Another surprising figure for me from the report is that Toyota warranty costs are pretty close to the domestics. Less than $200 apart. That is 50% more for sure but by the way arcticsteve talks you would think that it would be several thousand dollars. And it does prove that Toyota (which is the quality leader by the way) isn't perfect and that the service departments at their dealers aren't only doing oil changes.
What do we take from all of this? Well I do know that Denso which is the parts arm of Toyota is gaining contracts for domestic manufacturers (one of the suppliers to the Saturn Aura-Automotive News) and Delphi provides parts to Toyota (Automotive News). As we can see from warranty costs there is a $200 advantage to Toyota with "Toyota Motor Corp., Nissan Motor Co. and Honda Motor Co. persuaded buyers to pay an average $24,289 per vehicle, 12 percent more than U.S. automakers" All figures American (Bloomberg.com). That is less than 1% of the average selling price of the vehicles. A very small figure. I would say the hype and accolades for quality don't add up to much of an argument.
And finally, I would like to mention something about resale value. I will use Toyota as an example. Currenty a used 2006 Toyota Corolla Sport with the package B with an MSRP of $25,200 is selling for $19,700 on a local Toyota dealers lot with other models having similar price drops. Most shoppers do not realize that Toyota, Nissan, and Mazda have many cars in rental fleets. I am seeing more and more of them. The 2006 model seems to be hit the hardest by this. Since domestics sell for less with better incentives, interest rates and pricing there is of course going to be lower resale values. What is the cost advantage to the Corolla? Well if you spend on average $3,000 more to get one in terms of MSRP and then spend on top of that an extra $1,000 to $2,000 on interest and get an extra and I am exaggerating here- $4,000 for resale value in 5 years you are not further ahead at all but it took 5 years to get there.

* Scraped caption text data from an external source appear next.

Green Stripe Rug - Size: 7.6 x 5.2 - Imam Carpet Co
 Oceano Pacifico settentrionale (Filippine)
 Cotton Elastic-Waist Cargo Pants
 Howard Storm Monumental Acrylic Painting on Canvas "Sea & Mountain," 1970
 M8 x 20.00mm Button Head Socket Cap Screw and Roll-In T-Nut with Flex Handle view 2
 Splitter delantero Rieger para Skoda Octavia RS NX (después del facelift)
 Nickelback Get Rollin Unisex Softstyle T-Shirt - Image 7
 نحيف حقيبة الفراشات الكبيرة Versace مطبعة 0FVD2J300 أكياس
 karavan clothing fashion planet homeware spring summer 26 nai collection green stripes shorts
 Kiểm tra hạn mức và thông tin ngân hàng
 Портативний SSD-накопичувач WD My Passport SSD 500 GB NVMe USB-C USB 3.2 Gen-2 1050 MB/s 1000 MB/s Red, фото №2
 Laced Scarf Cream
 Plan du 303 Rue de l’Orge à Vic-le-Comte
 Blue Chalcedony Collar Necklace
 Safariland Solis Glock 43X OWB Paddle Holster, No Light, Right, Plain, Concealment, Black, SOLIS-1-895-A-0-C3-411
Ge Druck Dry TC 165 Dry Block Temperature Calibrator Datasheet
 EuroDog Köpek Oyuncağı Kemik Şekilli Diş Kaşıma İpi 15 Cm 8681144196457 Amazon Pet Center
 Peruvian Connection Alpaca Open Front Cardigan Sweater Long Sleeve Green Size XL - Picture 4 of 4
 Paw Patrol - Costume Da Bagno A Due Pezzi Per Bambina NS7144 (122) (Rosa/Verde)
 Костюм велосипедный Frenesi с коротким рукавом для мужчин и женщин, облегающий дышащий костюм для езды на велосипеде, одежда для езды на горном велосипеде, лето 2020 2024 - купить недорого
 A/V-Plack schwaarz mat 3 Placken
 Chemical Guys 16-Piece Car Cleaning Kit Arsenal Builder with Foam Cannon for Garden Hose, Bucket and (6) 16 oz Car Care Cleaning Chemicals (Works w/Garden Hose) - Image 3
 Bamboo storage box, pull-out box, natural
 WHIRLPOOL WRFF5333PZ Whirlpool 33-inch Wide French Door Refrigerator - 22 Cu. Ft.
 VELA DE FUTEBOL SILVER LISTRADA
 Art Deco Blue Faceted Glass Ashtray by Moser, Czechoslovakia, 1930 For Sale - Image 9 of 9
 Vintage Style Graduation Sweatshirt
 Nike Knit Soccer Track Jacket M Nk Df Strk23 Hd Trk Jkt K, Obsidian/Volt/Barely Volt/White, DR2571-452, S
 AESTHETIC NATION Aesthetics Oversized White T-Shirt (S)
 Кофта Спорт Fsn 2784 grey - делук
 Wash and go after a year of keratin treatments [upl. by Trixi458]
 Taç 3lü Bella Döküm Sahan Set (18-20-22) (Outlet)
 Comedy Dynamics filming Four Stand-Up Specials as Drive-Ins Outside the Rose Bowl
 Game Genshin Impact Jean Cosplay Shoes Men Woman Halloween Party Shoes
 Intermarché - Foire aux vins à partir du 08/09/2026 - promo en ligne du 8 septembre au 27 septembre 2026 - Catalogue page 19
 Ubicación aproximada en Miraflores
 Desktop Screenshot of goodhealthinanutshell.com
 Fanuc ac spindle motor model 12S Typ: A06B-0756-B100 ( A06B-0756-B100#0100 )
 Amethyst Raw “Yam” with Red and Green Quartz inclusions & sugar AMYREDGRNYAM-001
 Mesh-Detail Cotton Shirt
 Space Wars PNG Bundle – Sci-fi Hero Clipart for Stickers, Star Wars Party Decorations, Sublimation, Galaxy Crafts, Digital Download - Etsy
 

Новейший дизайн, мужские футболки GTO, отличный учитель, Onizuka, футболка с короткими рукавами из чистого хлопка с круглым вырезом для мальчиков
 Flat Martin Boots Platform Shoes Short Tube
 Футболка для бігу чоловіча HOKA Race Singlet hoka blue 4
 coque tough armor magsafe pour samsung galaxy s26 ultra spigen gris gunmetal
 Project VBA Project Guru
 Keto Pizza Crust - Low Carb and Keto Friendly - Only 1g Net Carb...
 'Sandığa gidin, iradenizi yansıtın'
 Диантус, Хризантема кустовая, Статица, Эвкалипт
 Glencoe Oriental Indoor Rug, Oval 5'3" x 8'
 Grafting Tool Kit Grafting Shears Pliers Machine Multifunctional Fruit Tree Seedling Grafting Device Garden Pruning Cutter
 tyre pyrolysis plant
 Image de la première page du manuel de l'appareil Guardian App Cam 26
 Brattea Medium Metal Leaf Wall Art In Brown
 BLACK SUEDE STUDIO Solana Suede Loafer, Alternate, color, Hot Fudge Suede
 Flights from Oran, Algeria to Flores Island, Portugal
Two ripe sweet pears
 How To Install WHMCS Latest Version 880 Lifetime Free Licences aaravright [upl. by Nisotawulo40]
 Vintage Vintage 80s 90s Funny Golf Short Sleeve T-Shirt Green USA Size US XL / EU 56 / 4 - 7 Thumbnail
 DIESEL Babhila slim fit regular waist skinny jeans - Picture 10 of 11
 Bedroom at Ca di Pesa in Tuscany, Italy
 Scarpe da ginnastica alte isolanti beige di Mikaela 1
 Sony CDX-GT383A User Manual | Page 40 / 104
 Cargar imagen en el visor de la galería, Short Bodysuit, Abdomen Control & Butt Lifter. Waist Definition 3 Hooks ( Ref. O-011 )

With more and more Toyota's and imports going to the rental fleets their resale values will drop as a result. If someone wants to pay the same for a 2004 model as a 2006 model they are kind of dumb are't they? It kind of illustrates the blind attitude the strong Import promoters have. It sounds like they are the worst suckers out there- hey I have a bridge in San Francisco that I want to unload, any takers?
With more cars out there the prices will tumble and are. Of course there is the negotiation factor. With Toyota there isn't the benefit for much negotiation. With too much negotiation the resale values drop as well. I know for a fact that here in Calgary most Toyota's sell within $1,000 of MSRP due to Toyota Canada's Access Toyota pricing and selling policy. Saturn's are 99% of the time selling for full MSRP. Import salespeople use their resale advantage to help sell their vehicles compared to the domestics and why they do not negotiate as much as Ford or GM or Chrysler.
Yes there are cars that suffer much worse than my illustration but they are heavily available in the rental fleets and show up on dealers lots in the hundreds. Chrysler anyone? It is well known that GM and Ford are cutting back their shipments to the rental companies and guess who are filling in the gaps? Yep, you guessed it.